━━━ Task input ━━━

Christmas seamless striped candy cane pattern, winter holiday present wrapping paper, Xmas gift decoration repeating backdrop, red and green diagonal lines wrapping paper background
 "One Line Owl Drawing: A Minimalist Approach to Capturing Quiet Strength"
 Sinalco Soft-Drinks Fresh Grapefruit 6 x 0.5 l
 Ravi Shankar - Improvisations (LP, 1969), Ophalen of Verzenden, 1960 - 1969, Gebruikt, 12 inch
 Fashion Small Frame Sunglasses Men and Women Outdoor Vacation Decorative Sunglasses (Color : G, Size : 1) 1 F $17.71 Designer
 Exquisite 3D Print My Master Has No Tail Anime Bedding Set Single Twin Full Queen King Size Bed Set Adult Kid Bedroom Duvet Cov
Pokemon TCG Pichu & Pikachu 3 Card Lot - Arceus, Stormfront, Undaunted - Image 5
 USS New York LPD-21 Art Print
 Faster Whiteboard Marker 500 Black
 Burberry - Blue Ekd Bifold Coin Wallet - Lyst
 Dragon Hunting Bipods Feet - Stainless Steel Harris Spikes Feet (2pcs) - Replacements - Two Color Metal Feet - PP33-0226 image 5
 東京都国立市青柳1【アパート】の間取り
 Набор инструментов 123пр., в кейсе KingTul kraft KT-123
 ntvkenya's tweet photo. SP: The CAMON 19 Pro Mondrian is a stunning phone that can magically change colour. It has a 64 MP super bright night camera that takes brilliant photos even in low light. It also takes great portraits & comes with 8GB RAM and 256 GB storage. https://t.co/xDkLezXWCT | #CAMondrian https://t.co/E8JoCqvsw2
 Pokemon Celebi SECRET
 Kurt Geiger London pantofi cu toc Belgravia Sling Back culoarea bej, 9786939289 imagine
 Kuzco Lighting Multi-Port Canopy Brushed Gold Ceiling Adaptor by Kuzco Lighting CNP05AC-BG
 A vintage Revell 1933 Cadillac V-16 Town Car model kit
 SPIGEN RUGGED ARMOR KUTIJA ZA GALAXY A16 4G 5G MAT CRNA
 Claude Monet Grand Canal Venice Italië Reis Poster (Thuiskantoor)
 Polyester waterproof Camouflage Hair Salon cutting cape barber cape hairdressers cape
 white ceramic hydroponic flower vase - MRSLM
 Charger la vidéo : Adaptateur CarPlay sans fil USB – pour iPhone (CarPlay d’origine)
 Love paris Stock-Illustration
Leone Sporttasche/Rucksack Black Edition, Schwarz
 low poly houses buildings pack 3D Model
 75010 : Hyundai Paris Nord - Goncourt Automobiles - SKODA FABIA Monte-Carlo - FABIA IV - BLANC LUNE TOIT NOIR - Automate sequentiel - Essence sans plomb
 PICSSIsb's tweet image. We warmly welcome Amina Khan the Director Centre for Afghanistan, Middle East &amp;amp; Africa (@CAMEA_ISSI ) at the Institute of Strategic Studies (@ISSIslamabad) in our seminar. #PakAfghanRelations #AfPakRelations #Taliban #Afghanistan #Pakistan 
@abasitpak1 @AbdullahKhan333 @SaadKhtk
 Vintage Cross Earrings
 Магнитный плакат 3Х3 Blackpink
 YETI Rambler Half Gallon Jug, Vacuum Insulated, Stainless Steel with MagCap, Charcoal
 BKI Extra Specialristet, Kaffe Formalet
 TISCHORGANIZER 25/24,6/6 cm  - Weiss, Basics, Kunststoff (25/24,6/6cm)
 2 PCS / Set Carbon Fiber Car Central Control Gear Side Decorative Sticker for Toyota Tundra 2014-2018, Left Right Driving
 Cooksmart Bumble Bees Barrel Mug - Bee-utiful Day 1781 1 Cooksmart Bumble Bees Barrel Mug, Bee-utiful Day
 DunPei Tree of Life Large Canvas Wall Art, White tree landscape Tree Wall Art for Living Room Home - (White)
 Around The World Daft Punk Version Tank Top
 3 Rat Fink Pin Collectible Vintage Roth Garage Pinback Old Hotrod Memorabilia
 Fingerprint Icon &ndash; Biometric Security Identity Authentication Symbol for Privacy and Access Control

━━━

• [What you have to do] Your output must be the lines of the material above, from the first through the line that contains "Набор инструментов 123пр., в", copied exactly. Include both endpoints and nothing else.

• [Output of the exercise]
Christmas seamless striped candy cane pattern, winter holiday present wrapping paper, Xmas gift decoration repeating backdrop, red and green diagonal lines wrapping paper background
 "One Line Owl Drawing: A Minimalist Approach to Capturing Quiet Strength"
 Sinalco Soft-Drinks Fresh Grapefruit 6 x 0.5 l
 Ravi Shankar - Improvisations (LP, 1969), Ophalen of Verzenden, 1960 - 1969, Gebruikt, 12 inch
 Fashion Small Frame Sunglasses Men and Women Outdoor Vacation Decorative Sunglasses (Color : G, Size : 1) 1 F $17.71 Designer
 Exquisite 3D Print My Master Has No Tail Anime Bedding Set Single Twin Full Queen King Size Bed Set Adult Kid Bedroom Duvet Cov
Pokemon TCG Pichu & Pikachu 3 Card Lot - Arceus, Stormfront, Undaunted - Image 5
 USS New York LPD-21 Art Print
 Faster Whiteboard Marker 500 Black
 Burberry - Blue Ekd Bifold Coin Wallet - Lyst
 Dragon Hunting Bipods Feet - Stainless Steel Harris Spikes Feet (2pcs) - Replacements - Two Color Metal Feet - PP33-0226 image 5
 東京都国立市青柳1【アパート】の間取り
 Набор инструментов 123пр., в кейсе KingTul kraft KT-123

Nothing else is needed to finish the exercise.